Required action >>
For this exercise, copy the records below exactly and exclude every image.

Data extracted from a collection
•••

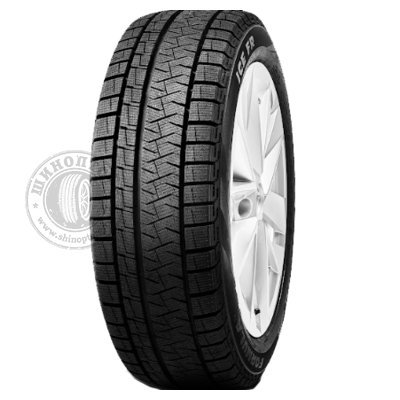 Pirelli Formula Ice Friction 175/65 R14 82T  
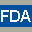 FDA Consumer Information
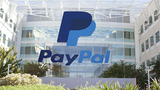 PayPal xin rút khỏi liên minh tiền ảo của Facebook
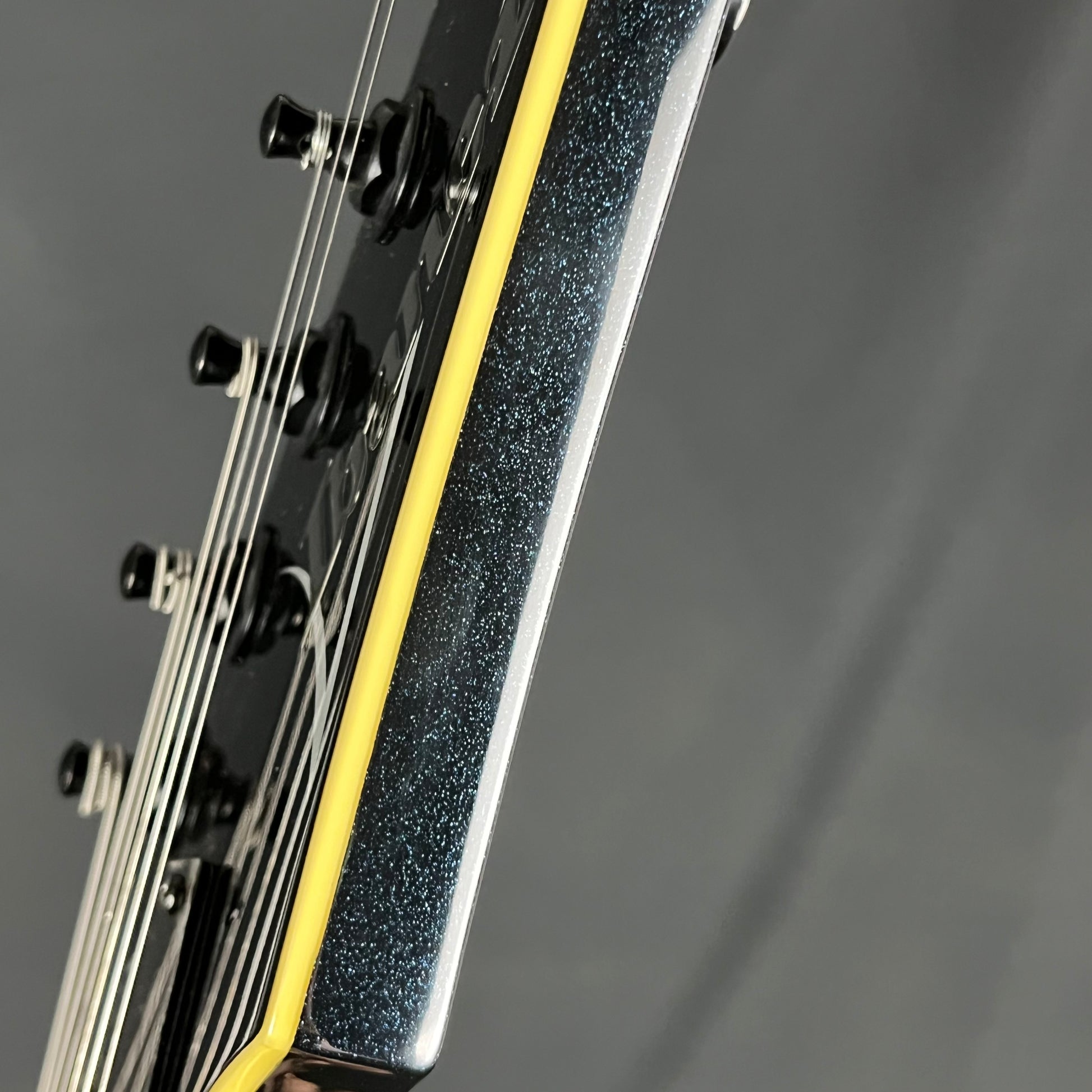 Ibanez RGT6EX FX2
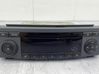 Radio / CD/DVD atskaņotājs / navigācija A4548203579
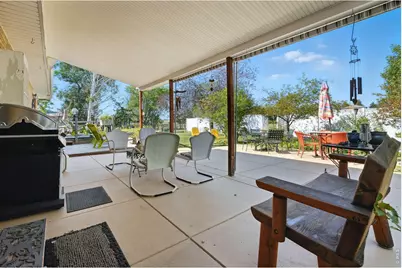 4601 Sunshine Ct, Loveland, CO 80537 - Photo 35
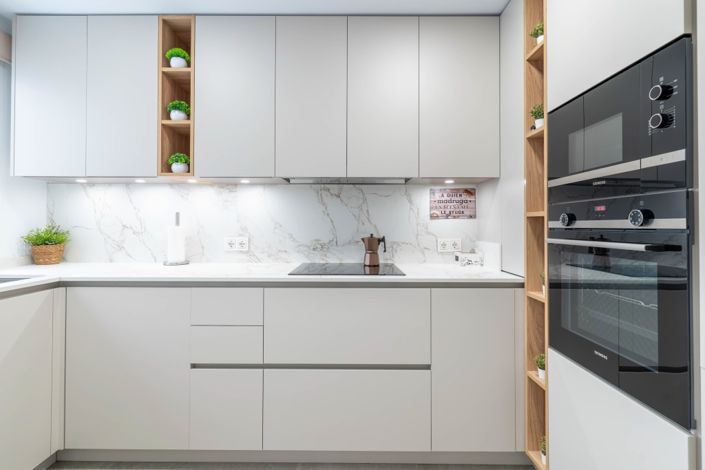 Image No.10-2 Bed Apartment for sale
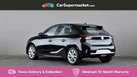 2020-vauxhall-corsa-12-turbo-se-premium-small-3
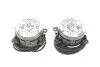 <strong>Денні ходові вогні MAGNETI MARELLI 713120117010 (фото 1)</strong>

•••

Written answer >>
 Pirelli Formula Ice Friction 175/65 R14 82T  
 FDA Consumer Information
 PayPal xin rút khỏi liên minh tiền ảo của Facebook
 Ibanez RGT6EX FX2
 Radio / CD/DVD atskaņotājs / navigācija A4548203579
 4601 Sunshine Ct, Loveland, CO 80537 - Photo 35
 Image No.10-2 Bed Apartment for sale
 2020-vauxhall-corsa-12-turbo-se-premium-small-3
 <strong>Денні ходові вогні MAGNETI MARELLI 713120117010 (фото 1)</strong>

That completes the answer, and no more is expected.